Star Wars: The Clone Wars
Directed by Dave Filoni
The animation in Star Wars: The Clone Wars, Dave Filoni’s completely unnecessary but somewhat entertaining addition to the ever-growing Star Wars prequel franchise, looks perfect. Everything from the backgrounds to the characters is technically superb and visually spotless. That’s the bad news. More like a video game than an actual movie, The Clone Wars looks too pristine for its own good. The galaxy far, far away looks so clean that it appears to have been broken out of its Mylar container just for this occasion. Why is anyone’s guess.

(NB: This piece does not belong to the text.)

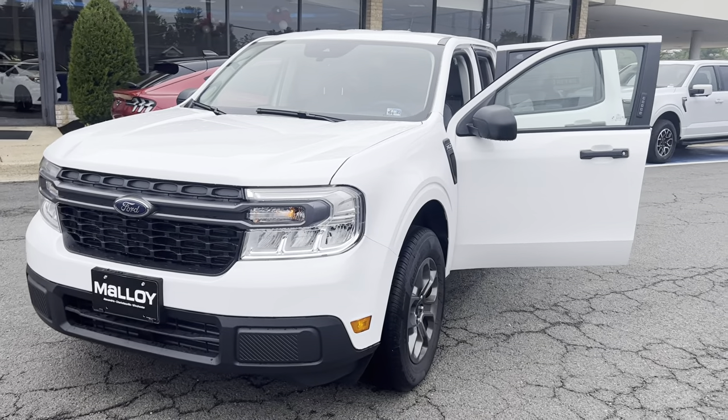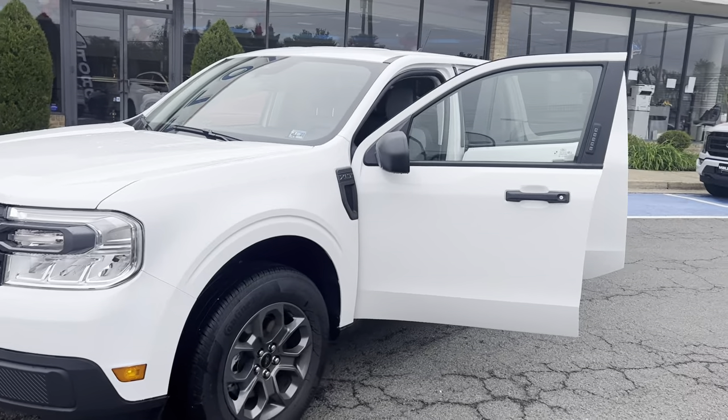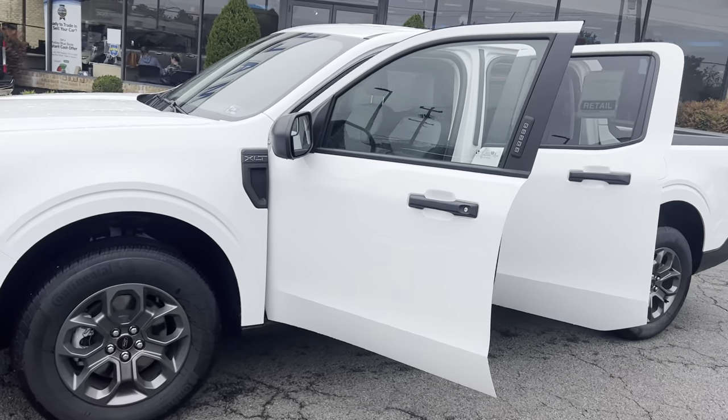This is the all-new 2022 Ford Maverick XLT truck SuperCrew. The color is Oxford White.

Because it’s set between Episode II: Attack of the Clones and Episode III: Revenge of the Sith, there is no sense of urgency to The Clone War’s plot, nor any need to care what happens to either Anakin Skywalker (Matt Lanter) or Obi-Wan Kenobi (James Arnold Taylor). Skywalker’s mission to rescue Jabba the Hut’s son and train young Ahsoka Tano (Ashley Dane) doesn’t matter because it exists in a seamless continuity bubble. Kids and fans alike don’t need to care what happens next because the film, like Lucas’ turgid prequels, doesn’t tell us anything about Anakin that was really worth knowing (so losing his family and his girlfriend made him Darth Vader; as Ben Stein might say, “Thrilling.”).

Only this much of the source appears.